Stored records
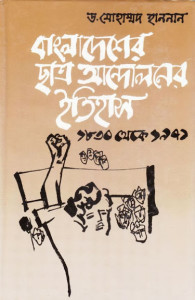 বাংলাদেশের ছাত্র আন্দোলনের ইতিহাস( ১৮৩০-১৯৭১)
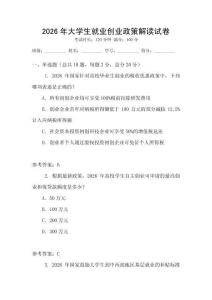 2026年大學(xué)生就業(yè)創(chuàng)業(yè)政策解讀試卷
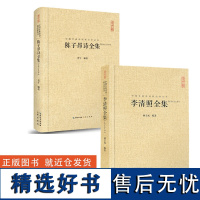 正版 中国古典诗词校注评丛书 李清照全集+中国古典诗词校注评丛书 陈子昂诗全集 中国古典诗词 诗词歌曲书 崇文书局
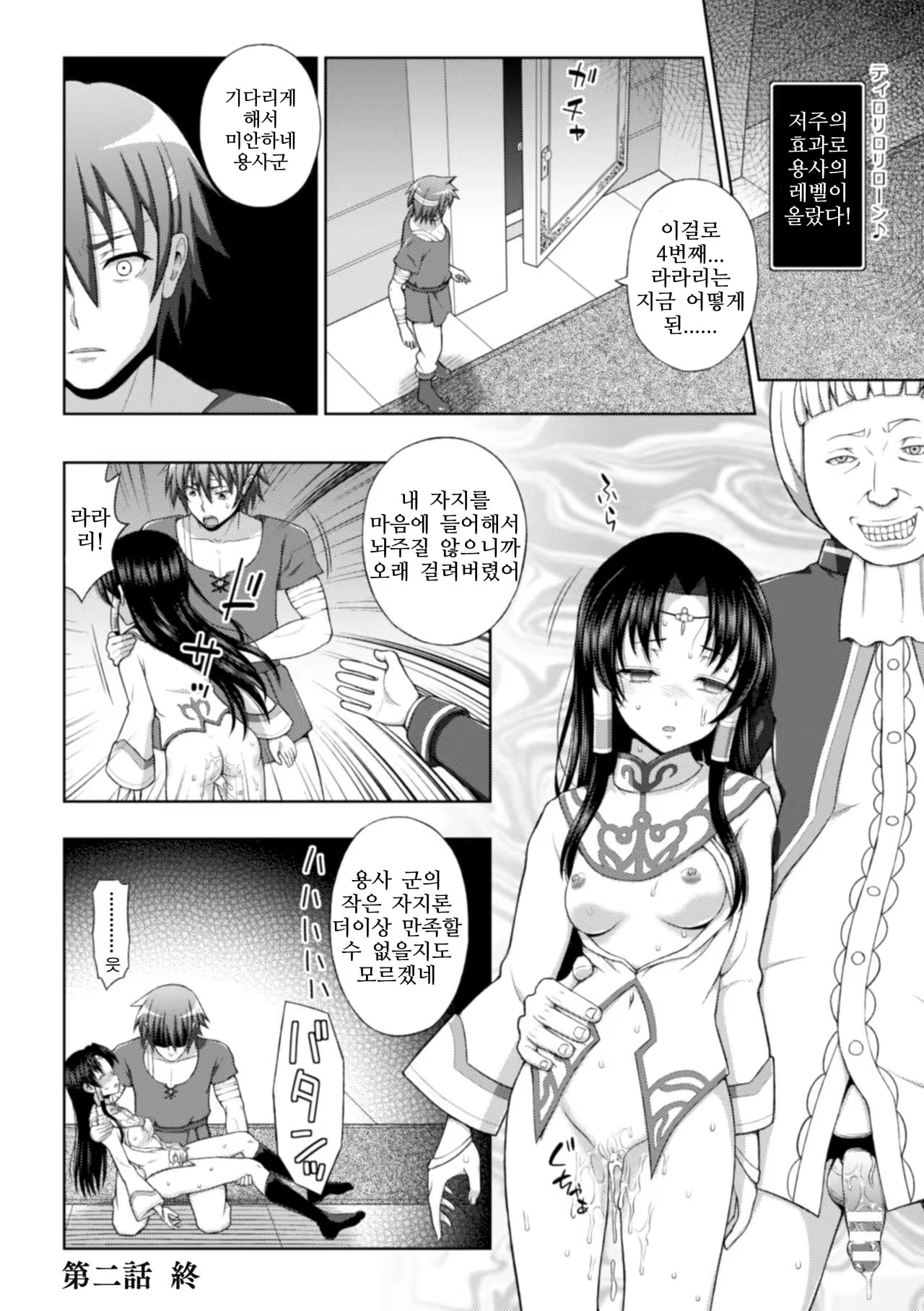 Content 1245097 - 47 페이지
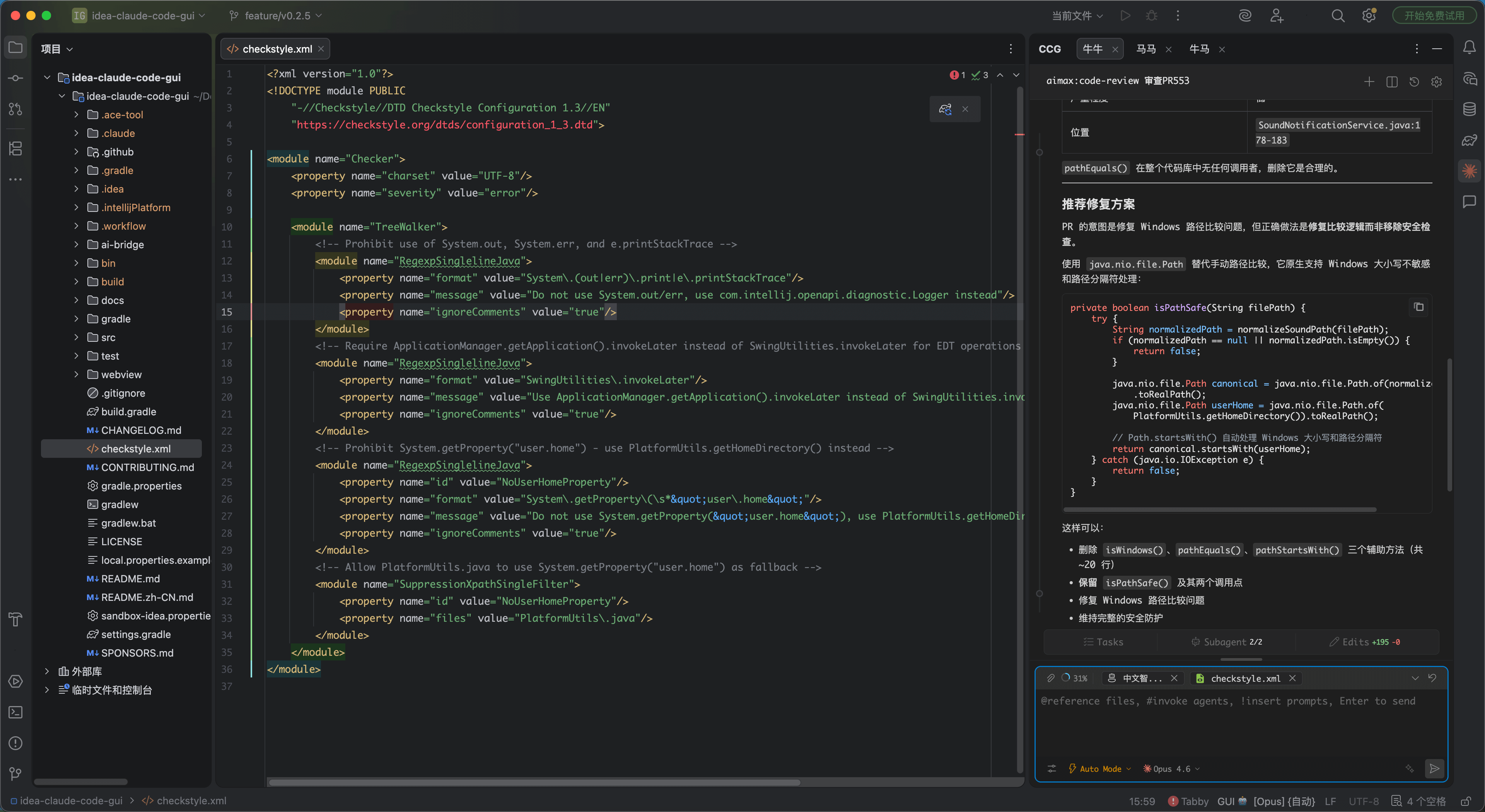 idea-claude-code-gui hero image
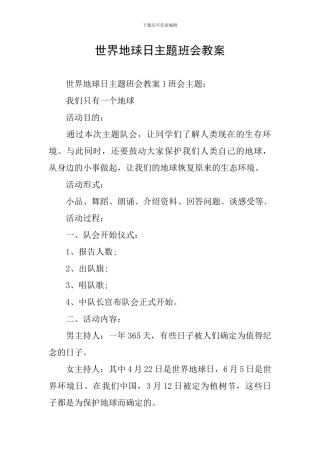 世界地球日主题班会教案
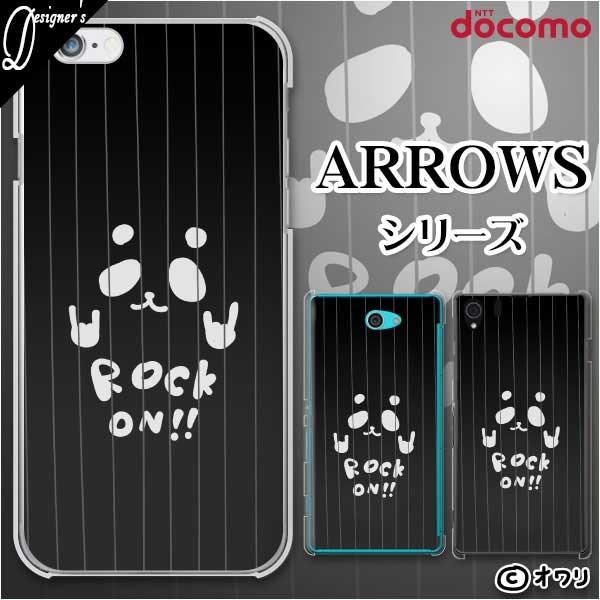 docomo arrows (N F-51C / We F-51B / Be4 Plus F-41B / NX9 F-52A / 5G F-51A) X}z P[X Jo[ I ubNII@-p_-v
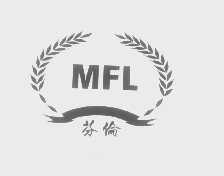 芬伦   MFL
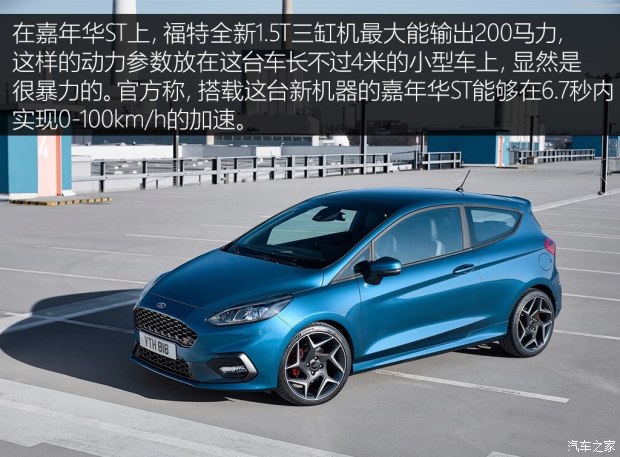 不懼機(jī)油問題？解讀福特全新1.5T三缸機(jī)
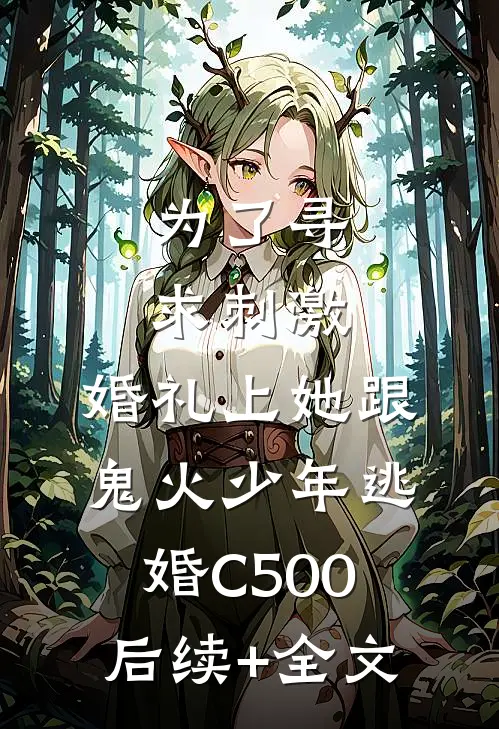 为了寻求刺激，婚礼上她跟鬼火少年逃婚C500后续+全文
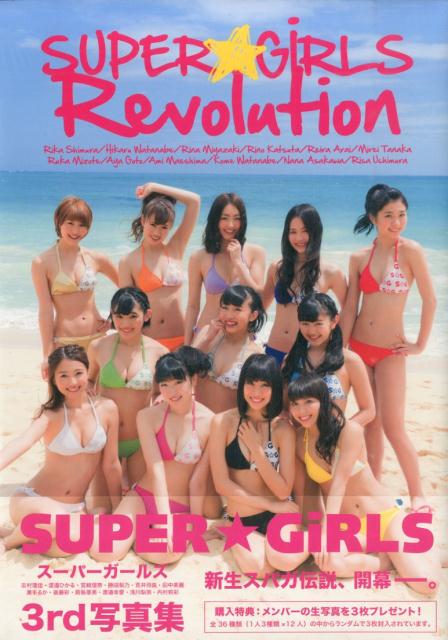 Revolution SUPER☆GiRLS　3rd　PHOTOBOOK （Tokyo　news　mook）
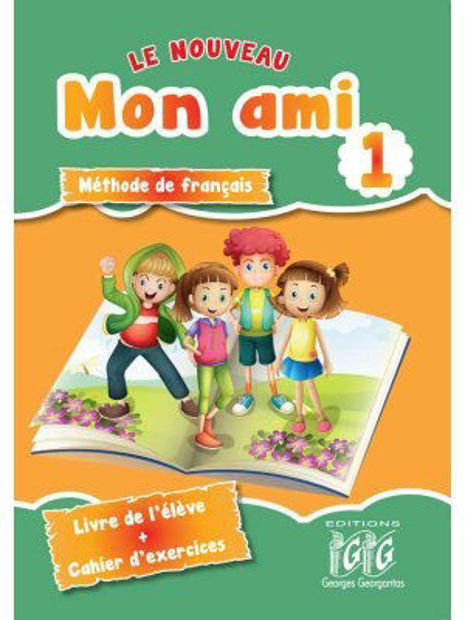 Image de Le nouveau Mon Ami 1 - livre de l'élève et Cahier d'exercices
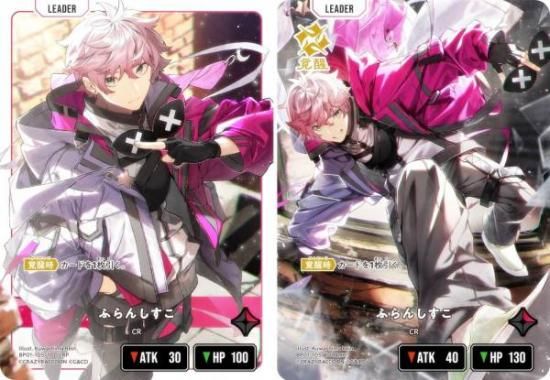 クロススターズ BP01-105/100 ふらんしすこ (LRP リーダーレアパラレル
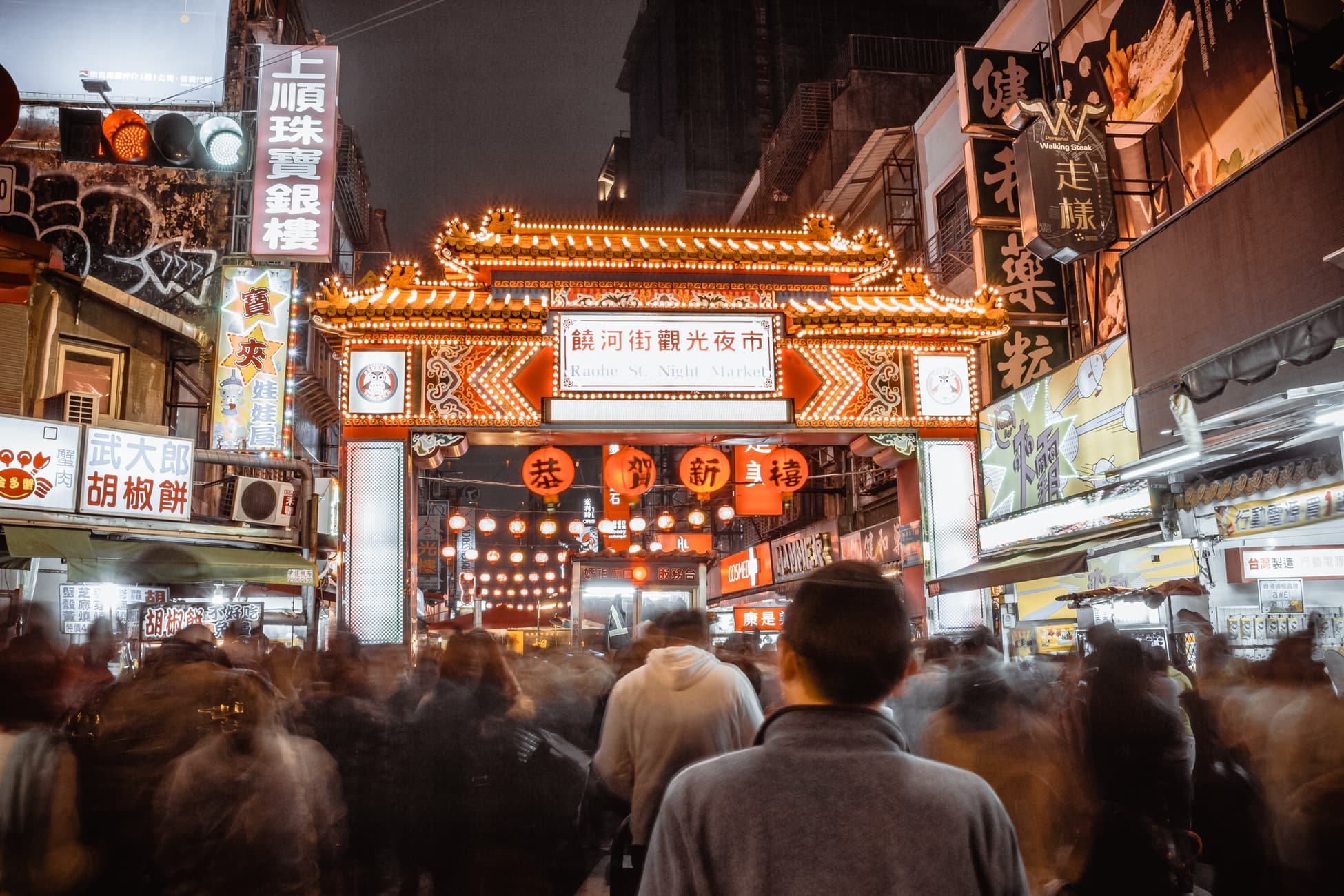 crowd going to raohe night market taipei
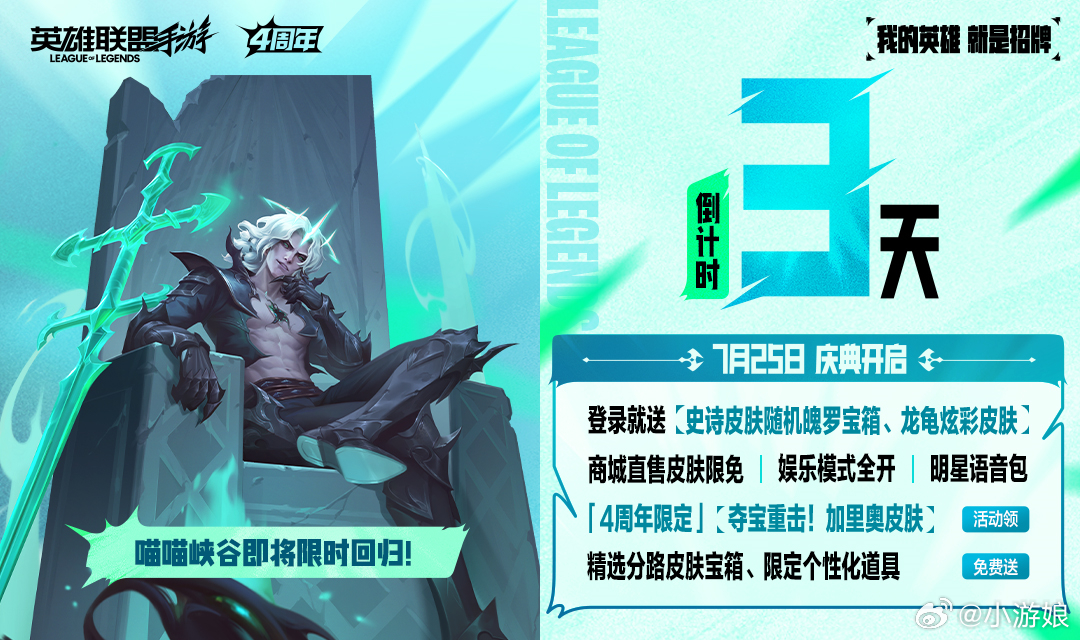 lol手游共赴盛宴 4周年庆典倒计时3天！【7月25日庆典开启】🎉登录就送：史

Problem statement: Using the records above, copy exactly and only the lines from the line with "Revolution SUPER☆GiRLS　3rd　PHOTOBOOK （Tokyo　news　mook）" through the end, both included; leave every picture out.

Completed exercise:
 Revolution SUPER☆GiRLS　3rd　PHOTOBOOK （Tokyo　news　mook）
 Image de Le nouveau Mon Ami 1 - livre de l'élève et Cahier d'exercices
 クロススターズ BP01-105/100 ふらんしすこ (LRP リーダーレアパラレル
 crowd going to raohe night market taipei
 lol手游共赴盛宴 4周年庆典倒计时3天！【7月25日庆典开启】🎉登录就送：史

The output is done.